Jauh sebelum pemilu berlangsung, juga saat-saat menjelang hari H-nya, ada sebagian kader yang berbicara dengan nada optimisme yang sangat tinggi-bahkan, menurut sebagian kader lainnya- dapat dikatakan over optimis.

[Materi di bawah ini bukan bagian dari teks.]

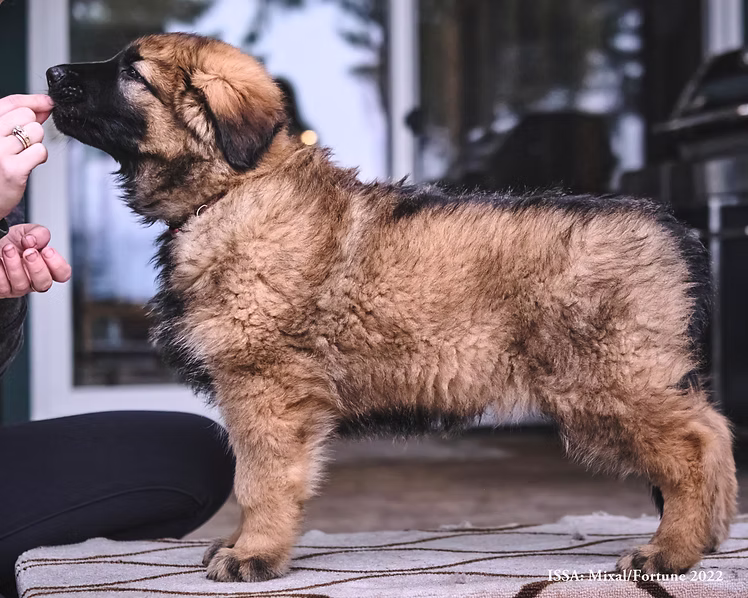 Mixal & Fortune Puppy 1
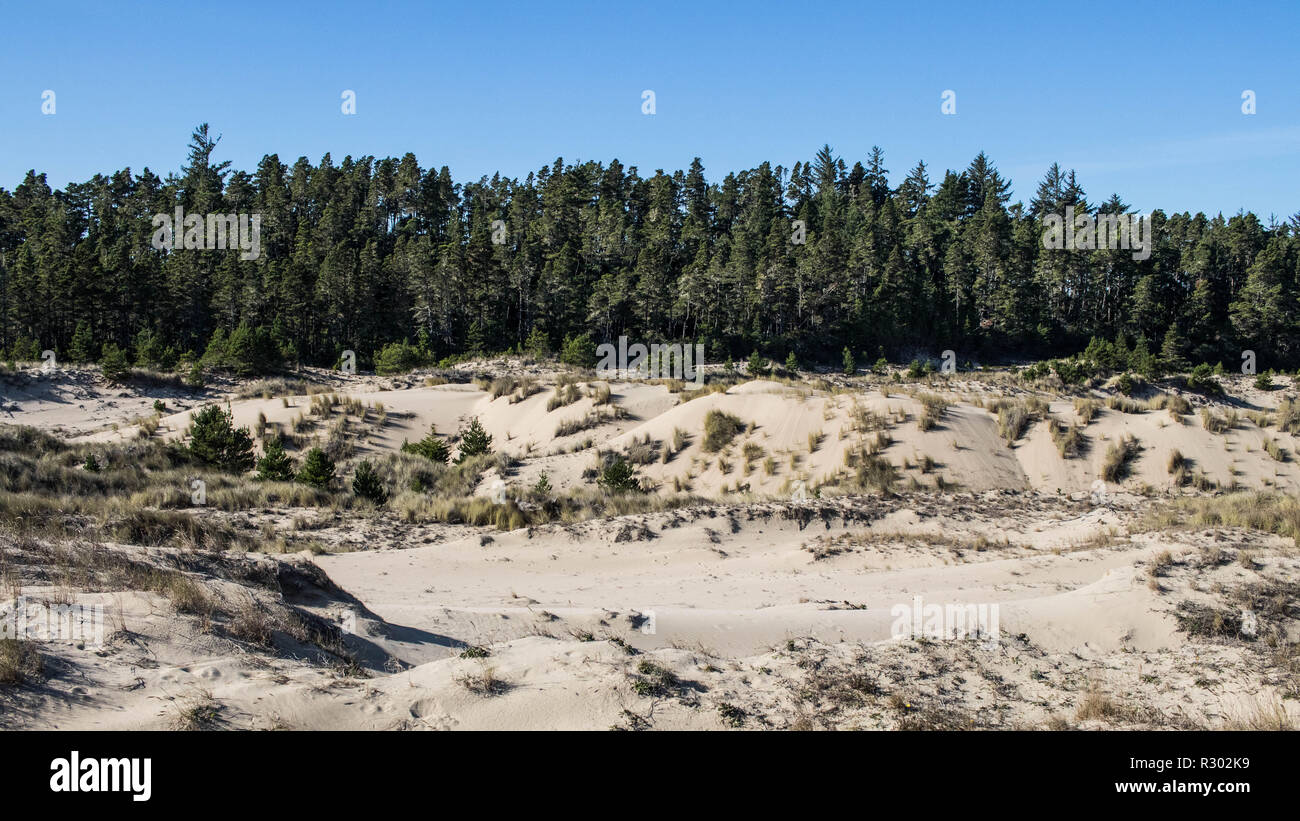 Le dune di sabbia lasciano il posto alla foresta pluviale costiera presso l'Oregon Dunes National Recreation area, la Siuslaw National Forest, nell'Oregon meridionale. Foto Stock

Sebenarnya, optimism atau tafa’ul atau raja’ merupakan satu sifat yang harus dimilki oleh seorang mukmin. Namun, perlu diingat bahwa sifat tafa’ul harus selalu diimbangi dengan rasa ‘adamul amni min makrillah (tidak merasa aman dari makar Allah SWT) dan khauf (takut). Bahkan salah satu ciri seorang mukmin yang yusari’una fil khairat wahnum laha sabiqun-bersegara dalam kebaikan dan menang dalam adu cepat meraih kebaikan itu- adalah wa qulubuhum wa jilatun- hati mereka senantiasa takut dan ngeri jika kebaikan yang dilakukannya tidak diterima Allah SWT.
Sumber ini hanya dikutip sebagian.